We got a story about numbers.  About how the entire scope of the universe is ruled by numbers, by ratios.  Oh, boy, I love numbers.  I had 3 epiphanies reading Greene’s book.  I completely forget one.  I vaguely remember one.  And the third one was/is that the entire universe is number theory.  A corollary of 1+1=2.  Matter, energy (we know are the same thing, thank you very much Albert), space, time, space-time (matter tells space how to bend, space tells matter how to move, no matter who said it), everything are all numbers.  And I don’t say “just numbers.”  Numbers is all there is, so there’s nothing “just” about them, nothing “more” to compare them down from.

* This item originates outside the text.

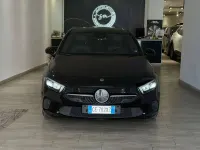 Usata Mercedes 180 116 CV (85 kW) 2021 Nero Berlina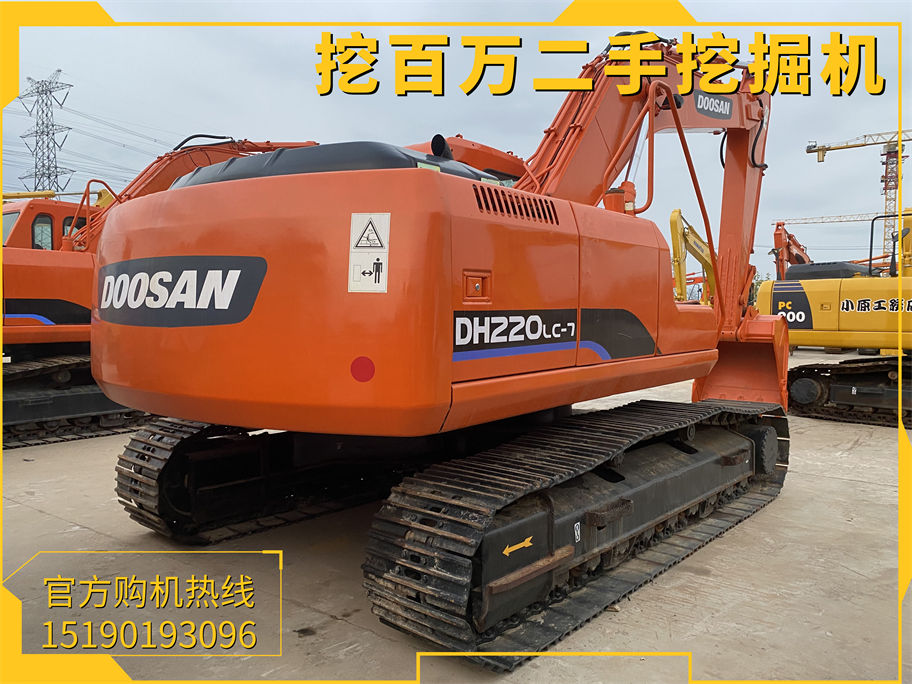 斗山220二手挖掘機(jī)22噸挖掘機(jī)級別機(jī)型里面，常見的物美價廉機(jī)型有沃爾沃210、三一215、小松220、斗山220，市場口碑反響很不錯，主要是這些機(jī)子購機(jī)成本實在是太低了，迎合了絕大部分初入工程行業(yè)老板們的需求，基本上10來萬、20來萬都能閉著眼睛挑一臺滿意的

Where have we seen this?  Oh, this one is too easy: Numb3rs (TV really is educational)!  But Numb3rs wasn’t about how everything is connected.  It was about how mathematics can solve crimes.  So where else have numbers been important?  Didn’t numbers play a key coincidental role in Lost?  Why were all those numbers so important in Lost?  Did we ever find out?  No, but I’ll tell you why—so we could have a story!

But I’m not talking about only the story.  Let’s look at Jack, errrr, Kiefer, errr Martin Bohm.  Relevant that he has the name of someone else?  Martin is a twitchy guy who often uses a cell phone.  He’s a single dad, loves his kid, misses his wife, doesn’t relate well with people, has a temper, takes a punch pretty well, screws up his face a bit, and attacks problems with the first solution that comes to mind because it never occurs to him that his first solution might not be the best one.  Sound familiar?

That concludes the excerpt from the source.